I am looking for a flaw in the following incorrect proof, which attempts to prove that all languages are undecidable:
Proof: Suppose for contradiction that there is a decidable language $L$. Then there is some decider $D$ for the language $L$ which we may represent by a function written in code called doesAccept(). We may construct the following self-referential program whose code is as follows:
string i = mySource();
string in = getInput();
if (doesAccept(i,in)){
reject();
} else{
accept();
}
}
Whether or not our program accepts some input string $w$, we reach a contradiction. For instance if our program accepts $w$, then doesAccept(i,in) returns true, our program rejects $w$ and we reach a contradiction. Likewise, if our program does not accept $w$, then our program accepts, which again is a contradiction. Then our assuption must be wrong and no languages are decidable.
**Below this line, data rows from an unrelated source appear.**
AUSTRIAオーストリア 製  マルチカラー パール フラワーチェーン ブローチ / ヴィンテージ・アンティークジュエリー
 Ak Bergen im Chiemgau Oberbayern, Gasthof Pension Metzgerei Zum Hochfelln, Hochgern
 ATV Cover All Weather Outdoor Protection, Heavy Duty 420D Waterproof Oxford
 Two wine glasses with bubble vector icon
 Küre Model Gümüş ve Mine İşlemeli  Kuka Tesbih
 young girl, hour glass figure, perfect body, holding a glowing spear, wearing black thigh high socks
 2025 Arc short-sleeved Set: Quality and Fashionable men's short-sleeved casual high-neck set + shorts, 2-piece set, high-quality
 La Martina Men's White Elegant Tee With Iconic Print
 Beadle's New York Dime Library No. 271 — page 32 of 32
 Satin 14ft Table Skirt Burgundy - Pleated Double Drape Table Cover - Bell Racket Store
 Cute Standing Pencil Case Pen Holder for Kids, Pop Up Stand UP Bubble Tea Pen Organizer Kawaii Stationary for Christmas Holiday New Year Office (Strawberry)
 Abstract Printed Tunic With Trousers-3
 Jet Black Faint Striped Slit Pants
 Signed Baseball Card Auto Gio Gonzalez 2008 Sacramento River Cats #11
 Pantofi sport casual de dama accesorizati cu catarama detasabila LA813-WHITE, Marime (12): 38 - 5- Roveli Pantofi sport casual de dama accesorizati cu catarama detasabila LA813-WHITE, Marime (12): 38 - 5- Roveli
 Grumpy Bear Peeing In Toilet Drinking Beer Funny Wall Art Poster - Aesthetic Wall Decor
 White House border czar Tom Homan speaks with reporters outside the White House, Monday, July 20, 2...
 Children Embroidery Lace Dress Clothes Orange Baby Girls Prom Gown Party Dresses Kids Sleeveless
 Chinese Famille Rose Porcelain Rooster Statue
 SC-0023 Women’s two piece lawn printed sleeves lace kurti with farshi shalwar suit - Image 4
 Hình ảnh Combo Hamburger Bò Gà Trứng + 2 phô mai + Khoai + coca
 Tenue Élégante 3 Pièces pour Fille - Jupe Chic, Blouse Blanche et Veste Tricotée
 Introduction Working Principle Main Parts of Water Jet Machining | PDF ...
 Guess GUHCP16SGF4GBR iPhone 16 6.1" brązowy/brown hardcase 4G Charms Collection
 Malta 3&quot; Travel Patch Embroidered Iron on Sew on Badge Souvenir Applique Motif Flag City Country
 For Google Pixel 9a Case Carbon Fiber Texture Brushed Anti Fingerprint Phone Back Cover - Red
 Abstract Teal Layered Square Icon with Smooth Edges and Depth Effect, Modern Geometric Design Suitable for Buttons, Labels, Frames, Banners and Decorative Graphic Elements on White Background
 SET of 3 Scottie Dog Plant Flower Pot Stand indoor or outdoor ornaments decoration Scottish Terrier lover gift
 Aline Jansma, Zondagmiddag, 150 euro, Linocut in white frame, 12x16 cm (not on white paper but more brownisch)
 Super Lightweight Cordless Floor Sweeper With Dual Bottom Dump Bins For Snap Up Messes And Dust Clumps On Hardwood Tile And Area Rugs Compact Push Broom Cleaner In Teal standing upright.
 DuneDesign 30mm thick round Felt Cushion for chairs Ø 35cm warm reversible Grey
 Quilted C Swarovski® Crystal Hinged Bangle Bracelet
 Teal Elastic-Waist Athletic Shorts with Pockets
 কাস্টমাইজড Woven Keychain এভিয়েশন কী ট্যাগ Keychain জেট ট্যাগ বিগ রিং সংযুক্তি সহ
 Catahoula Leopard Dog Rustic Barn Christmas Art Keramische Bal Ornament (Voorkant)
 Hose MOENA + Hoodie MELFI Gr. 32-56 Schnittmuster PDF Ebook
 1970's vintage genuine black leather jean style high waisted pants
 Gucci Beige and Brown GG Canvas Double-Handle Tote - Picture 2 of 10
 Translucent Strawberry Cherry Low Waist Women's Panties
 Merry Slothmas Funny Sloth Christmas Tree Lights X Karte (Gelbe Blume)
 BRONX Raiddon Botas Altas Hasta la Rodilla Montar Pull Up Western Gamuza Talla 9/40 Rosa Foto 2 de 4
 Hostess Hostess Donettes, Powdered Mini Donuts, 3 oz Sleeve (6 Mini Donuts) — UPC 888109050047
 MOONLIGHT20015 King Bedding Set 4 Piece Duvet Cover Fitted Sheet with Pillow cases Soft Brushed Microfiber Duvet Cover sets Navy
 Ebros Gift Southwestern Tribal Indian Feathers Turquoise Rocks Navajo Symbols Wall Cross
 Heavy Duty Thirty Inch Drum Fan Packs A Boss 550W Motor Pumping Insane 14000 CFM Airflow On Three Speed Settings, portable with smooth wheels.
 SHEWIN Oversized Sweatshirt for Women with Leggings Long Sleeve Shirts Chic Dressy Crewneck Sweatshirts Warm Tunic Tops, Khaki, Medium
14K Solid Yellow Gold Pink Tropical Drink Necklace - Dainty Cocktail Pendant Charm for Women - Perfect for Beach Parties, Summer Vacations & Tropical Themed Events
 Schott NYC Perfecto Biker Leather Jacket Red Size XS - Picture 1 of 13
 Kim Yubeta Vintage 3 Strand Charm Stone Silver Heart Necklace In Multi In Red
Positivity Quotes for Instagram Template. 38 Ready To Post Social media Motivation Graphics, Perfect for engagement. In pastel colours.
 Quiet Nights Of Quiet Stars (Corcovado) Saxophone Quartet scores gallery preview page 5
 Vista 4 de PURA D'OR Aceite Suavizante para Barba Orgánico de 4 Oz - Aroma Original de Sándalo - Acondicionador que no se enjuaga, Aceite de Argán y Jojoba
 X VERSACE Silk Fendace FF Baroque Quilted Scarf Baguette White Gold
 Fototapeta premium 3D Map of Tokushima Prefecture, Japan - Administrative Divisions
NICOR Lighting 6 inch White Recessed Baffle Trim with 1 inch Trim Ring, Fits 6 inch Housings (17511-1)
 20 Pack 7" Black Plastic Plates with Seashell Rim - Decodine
Here are my thoughts as to the flaw:
The proposed proof assumes that there is some decidable language $L$ but not necessarily one which accepts a string containing the program i.e., $\langle i,in \rangle$. Am I on the right track?
As pointed out in the comments: the language your program accepts does not need to be the one of the decider D. Rather you seem to accept the complement. There is nothing wrong with that. Starting from a decidable language you show that you can construct a program that accepts its complement. This is in accordance with the fact that the decidable languages are closed under complement.
So the flaw is where you say "our program rejects w and we reach a contradiction" - the fact that D and your program produce distinct results is not in contradiction to any of your assumptions.
Also spaceisdarkgreen's comments are important. A decider for a given language does not need to take any program's code as input. It has the code for one given language. This also indicates that you have not completely understood some concepts here.